In unserer Serie #photography2050 entwerfen Kurator*innen, Künstler*innen und Autor*innen ihre persönliche Zukunftsvision der Fotografie: Wir schreiben das Jahr 2050 – wie relevant wird das Medium Fotografie dann noch sein? Wie sieht das Foto der Zukunft aus? VON MAGNUS PÖLCHER

8. Januar 2019


»On October 1st I was flying from Paris to Barcelona, and I luckily managed to get a window seat on an early afternoon flight where I was able to enjoy the spectacular compositions of the white clouds with bits and pieces of the blue Mediterranean underneath it. Scenes like that are normally very seductive for me to constantly turn on my phone and capture many photos without thinking much about why am I taking this amount of pictures of generic scenes from the plane, but this time I witnessed the hands of the fellow passenger sitting on the window seat in front of me turning the camera of her/his phone on to capture images and videos of the view we (unintentionally) share together from our window seats. At this moment I realized that photography is not a medium for me anymore, it became now an act, a social and technological behavior, performative and transformative.

We take images because we feel the urge of using the technological pieces we all have in our pockets, and we feel the urge of doing the act of photographing whatever happening around us. So now the composition that consists of the hands and the phone of my fellow passenger with the image of the clouds on the screen, a few moments before being captured became more interesting for me than whatever composition I will try to take from that window next to me by my phone.
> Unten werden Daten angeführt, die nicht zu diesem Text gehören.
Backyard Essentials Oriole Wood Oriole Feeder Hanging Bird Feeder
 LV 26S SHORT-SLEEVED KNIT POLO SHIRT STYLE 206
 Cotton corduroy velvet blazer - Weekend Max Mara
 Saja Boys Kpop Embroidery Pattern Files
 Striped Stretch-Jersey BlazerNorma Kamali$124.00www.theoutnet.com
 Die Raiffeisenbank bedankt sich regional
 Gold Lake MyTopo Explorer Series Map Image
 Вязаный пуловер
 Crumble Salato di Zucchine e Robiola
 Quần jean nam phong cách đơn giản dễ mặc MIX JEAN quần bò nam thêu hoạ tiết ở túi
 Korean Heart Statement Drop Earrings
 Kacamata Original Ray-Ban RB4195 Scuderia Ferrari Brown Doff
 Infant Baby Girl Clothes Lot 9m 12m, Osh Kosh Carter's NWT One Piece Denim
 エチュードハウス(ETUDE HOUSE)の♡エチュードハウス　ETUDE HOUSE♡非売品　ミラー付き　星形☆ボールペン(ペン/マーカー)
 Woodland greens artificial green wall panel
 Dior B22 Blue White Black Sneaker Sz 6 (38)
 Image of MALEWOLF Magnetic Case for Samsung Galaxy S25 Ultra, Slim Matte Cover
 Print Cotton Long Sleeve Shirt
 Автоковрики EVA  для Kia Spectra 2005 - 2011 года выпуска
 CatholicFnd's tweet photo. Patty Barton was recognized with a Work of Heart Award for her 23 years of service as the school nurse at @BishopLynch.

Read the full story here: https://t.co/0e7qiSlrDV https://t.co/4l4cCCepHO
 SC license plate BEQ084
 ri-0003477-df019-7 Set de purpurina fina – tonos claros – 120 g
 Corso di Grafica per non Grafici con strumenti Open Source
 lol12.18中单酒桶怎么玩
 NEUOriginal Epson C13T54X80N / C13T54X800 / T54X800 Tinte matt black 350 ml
I think in the future, photography will fade out into a super immaterial and normalized act that is as important as breathing and seeing, and this will happen as fast as technology will allow it to happen in 2050, and based on what we have in our pockets now, we know that the radical future is coming very soon.«

Mahmoud Khaled (b. 1982) studierte Bildende Kunst an der Alexandria University in Ägypten und an der Trondheim University in Norwegen. Sein Werk umfasst Video, Fotografie, Skulptur, Installation, Sound und Text. Seine Arbeiten wurden in zahlreichen internationalen Einzel- und Gruppenausstellungen gezeigt.